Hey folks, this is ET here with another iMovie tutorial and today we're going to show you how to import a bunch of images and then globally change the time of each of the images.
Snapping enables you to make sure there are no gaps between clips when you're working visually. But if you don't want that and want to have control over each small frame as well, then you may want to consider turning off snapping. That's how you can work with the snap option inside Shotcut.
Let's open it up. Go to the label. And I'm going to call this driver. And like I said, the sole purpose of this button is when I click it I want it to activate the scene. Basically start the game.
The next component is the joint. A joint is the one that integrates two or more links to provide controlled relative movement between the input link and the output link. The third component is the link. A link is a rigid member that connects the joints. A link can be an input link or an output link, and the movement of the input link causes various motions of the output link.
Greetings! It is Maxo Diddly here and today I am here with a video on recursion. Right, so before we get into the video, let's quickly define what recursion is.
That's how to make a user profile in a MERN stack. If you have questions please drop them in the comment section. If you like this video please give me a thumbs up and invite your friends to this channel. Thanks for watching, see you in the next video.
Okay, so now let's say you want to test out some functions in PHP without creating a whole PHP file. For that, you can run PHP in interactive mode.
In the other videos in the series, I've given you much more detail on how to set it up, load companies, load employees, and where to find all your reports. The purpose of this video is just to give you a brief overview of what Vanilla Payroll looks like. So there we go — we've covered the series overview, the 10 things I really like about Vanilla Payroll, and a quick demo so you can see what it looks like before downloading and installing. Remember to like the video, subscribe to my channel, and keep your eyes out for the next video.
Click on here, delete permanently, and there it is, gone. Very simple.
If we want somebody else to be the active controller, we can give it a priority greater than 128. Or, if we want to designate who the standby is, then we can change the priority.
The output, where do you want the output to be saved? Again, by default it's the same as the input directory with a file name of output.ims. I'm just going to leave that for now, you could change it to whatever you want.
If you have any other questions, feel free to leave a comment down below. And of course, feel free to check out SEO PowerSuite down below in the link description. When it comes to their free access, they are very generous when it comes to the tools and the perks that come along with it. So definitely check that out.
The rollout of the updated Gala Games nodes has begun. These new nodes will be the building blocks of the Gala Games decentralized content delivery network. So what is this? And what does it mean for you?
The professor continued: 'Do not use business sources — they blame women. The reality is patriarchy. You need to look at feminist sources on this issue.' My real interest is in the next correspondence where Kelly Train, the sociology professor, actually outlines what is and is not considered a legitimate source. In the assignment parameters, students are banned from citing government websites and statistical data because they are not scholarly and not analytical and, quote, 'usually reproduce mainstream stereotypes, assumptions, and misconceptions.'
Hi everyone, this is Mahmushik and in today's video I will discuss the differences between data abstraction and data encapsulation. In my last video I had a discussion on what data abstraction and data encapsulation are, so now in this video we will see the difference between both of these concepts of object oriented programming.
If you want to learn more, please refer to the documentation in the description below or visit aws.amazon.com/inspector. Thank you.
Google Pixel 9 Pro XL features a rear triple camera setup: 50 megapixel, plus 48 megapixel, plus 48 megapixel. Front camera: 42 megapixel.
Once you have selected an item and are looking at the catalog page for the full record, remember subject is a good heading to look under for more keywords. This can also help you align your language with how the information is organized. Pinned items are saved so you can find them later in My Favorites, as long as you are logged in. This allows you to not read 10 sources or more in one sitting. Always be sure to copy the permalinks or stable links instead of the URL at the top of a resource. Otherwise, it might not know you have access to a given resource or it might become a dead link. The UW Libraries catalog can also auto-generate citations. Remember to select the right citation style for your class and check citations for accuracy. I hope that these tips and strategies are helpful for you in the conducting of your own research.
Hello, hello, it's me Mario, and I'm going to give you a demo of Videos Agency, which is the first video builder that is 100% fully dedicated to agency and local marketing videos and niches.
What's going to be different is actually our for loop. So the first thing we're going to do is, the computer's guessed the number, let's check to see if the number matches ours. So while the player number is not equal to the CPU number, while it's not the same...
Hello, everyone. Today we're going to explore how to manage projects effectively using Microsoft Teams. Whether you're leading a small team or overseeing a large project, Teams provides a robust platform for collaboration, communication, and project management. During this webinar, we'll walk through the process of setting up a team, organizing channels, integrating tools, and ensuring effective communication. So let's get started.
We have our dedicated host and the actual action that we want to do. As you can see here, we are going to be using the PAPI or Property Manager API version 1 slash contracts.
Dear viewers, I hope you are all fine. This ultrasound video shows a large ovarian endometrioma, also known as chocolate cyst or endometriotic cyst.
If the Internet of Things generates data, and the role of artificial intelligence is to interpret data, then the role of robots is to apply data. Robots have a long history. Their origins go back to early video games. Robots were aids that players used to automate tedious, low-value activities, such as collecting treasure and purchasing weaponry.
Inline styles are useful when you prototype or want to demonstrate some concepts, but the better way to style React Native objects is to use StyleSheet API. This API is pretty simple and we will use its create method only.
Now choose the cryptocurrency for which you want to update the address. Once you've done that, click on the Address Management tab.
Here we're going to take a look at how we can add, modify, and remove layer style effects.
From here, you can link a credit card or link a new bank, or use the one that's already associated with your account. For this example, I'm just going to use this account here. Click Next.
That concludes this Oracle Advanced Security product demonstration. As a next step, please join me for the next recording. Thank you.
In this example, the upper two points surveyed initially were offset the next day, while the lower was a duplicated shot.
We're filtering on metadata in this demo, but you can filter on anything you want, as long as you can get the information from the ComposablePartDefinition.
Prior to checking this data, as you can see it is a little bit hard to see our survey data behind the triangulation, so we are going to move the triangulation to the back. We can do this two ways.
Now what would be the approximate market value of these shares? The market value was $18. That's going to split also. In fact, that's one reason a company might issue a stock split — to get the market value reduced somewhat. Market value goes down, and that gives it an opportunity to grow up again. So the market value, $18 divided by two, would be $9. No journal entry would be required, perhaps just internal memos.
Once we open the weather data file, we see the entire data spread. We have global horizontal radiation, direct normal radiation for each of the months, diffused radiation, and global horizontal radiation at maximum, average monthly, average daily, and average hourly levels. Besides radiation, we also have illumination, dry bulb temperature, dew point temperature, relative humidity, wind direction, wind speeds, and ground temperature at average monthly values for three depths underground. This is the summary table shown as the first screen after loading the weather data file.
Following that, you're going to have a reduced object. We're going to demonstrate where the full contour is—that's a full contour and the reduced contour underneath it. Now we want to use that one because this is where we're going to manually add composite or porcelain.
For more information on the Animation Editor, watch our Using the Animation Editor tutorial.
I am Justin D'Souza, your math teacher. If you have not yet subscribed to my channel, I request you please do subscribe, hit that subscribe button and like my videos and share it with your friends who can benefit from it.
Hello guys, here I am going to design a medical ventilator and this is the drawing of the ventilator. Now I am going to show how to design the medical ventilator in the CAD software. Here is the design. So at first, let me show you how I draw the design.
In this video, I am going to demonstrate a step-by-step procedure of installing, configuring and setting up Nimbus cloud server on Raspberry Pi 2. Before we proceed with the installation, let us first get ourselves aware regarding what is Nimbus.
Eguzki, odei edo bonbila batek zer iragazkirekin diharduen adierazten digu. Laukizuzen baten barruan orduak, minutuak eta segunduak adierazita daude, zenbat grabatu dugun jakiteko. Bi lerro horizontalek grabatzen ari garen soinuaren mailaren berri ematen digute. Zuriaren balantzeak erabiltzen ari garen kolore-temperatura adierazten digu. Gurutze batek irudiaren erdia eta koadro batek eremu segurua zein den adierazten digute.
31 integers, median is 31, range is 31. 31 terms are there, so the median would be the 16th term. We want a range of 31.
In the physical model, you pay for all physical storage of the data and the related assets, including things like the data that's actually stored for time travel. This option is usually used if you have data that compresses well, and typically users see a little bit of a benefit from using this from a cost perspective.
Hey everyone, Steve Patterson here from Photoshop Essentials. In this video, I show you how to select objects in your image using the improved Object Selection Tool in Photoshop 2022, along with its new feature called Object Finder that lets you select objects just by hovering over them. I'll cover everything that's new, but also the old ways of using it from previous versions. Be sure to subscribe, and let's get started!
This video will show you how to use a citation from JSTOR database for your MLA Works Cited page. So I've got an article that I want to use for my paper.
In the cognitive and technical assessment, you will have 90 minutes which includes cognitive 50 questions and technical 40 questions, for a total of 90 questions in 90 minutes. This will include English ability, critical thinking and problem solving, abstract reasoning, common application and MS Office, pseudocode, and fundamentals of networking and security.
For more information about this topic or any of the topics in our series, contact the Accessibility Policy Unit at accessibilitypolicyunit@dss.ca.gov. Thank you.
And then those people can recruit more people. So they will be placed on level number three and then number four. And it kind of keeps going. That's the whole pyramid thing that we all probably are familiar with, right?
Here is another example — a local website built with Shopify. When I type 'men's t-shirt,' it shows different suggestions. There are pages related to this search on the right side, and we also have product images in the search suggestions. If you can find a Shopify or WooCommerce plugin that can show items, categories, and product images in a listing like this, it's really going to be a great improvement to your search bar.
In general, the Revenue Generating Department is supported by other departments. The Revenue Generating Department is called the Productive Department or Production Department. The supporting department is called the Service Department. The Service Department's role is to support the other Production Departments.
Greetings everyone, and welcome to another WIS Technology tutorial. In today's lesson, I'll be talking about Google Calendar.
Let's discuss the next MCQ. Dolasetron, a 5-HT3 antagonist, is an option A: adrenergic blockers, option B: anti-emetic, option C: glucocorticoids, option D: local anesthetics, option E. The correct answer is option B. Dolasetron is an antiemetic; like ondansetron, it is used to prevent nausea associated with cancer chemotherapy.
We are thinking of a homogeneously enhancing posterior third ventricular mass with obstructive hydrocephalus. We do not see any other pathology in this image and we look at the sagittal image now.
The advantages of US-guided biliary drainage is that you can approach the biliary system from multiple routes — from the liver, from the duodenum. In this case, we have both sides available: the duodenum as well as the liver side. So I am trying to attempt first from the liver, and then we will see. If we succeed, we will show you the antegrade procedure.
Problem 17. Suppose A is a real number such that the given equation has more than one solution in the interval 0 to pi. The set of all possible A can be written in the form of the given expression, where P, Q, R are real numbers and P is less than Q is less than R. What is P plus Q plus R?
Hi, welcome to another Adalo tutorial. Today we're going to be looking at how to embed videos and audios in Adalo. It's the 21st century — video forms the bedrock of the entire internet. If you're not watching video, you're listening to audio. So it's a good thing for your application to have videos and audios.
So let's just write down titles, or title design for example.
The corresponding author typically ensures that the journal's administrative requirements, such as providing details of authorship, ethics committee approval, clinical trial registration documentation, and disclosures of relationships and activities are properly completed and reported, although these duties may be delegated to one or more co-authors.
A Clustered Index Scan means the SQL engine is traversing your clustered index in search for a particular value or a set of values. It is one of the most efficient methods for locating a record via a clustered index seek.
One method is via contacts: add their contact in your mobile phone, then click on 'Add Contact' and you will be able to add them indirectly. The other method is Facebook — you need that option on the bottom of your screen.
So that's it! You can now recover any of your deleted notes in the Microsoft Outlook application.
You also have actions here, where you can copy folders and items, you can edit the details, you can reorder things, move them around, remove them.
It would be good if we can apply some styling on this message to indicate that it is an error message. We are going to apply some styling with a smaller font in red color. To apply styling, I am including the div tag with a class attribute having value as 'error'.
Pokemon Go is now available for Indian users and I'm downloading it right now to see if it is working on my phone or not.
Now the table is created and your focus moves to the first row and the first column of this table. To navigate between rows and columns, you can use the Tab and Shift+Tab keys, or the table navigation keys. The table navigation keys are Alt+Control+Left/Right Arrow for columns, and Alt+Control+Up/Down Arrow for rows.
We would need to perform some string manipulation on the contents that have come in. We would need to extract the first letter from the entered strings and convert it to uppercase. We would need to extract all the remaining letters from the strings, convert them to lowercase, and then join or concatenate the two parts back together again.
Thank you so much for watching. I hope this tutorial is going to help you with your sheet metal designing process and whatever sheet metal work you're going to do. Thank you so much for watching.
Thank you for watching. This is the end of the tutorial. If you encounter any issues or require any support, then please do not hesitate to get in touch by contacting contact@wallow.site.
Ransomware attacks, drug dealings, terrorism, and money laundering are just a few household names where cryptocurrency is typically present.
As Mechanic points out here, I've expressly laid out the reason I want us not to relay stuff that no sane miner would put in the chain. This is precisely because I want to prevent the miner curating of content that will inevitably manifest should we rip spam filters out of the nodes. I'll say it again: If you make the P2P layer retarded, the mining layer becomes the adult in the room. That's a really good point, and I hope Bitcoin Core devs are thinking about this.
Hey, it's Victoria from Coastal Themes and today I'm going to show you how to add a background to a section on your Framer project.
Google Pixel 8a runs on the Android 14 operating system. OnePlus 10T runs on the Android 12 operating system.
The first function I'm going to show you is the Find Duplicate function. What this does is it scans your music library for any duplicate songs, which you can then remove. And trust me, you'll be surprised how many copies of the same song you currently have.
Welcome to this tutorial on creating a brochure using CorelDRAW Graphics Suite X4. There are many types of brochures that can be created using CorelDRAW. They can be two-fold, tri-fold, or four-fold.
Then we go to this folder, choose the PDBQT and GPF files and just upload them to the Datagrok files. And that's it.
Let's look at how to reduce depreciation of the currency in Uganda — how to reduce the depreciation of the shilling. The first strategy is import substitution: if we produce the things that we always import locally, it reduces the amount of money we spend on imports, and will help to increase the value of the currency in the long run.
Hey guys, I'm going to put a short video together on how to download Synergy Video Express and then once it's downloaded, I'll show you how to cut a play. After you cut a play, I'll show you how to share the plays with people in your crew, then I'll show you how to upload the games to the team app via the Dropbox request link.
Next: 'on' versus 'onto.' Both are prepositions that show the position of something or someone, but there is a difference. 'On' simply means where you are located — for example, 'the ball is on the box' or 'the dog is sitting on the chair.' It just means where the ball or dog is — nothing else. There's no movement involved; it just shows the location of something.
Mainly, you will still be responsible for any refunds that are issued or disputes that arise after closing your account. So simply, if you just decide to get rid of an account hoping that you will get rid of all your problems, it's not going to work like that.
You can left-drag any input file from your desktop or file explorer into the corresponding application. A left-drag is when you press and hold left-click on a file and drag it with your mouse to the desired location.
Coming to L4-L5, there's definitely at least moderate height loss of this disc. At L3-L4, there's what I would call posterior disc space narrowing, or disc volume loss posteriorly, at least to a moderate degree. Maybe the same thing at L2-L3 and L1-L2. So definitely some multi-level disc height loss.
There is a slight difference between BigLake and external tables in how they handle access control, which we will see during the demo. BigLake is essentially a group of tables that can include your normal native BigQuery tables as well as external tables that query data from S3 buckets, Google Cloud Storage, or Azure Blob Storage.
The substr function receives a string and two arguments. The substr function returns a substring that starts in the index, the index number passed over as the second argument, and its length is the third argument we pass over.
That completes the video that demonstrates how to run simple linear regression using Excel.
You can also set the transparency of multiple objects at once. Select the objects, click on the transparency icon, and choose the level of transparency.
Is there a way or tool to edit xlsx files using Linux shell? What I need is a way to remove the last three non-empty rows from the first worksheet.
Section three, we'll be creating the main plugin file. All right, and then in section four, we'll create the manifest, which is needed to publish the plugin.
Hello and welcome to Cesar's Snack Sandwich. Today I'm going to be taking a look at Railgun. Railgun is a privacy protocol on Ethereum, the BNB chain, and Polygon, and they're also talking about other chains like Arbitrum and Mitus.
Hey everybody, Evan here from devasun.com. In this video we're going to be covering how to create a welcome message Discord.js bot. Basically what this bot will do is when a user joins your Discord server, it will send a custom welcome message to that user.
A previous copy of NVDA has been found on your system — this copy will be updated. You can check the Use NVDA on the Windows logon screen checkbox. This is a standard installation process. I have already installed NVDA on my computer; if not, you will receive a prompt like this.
═══
Exercise brief: Lines to set down from above: the line with "So that's it!", the line with "You also have", and every line between, each exactly as written.

Task answer:
So that's it! You can now recover any of your deleted notes in the Microsoft Outlook application.
You also have actions here, where you can copy folders and items, you can edit the details, you can reorder things, move them around, remove them.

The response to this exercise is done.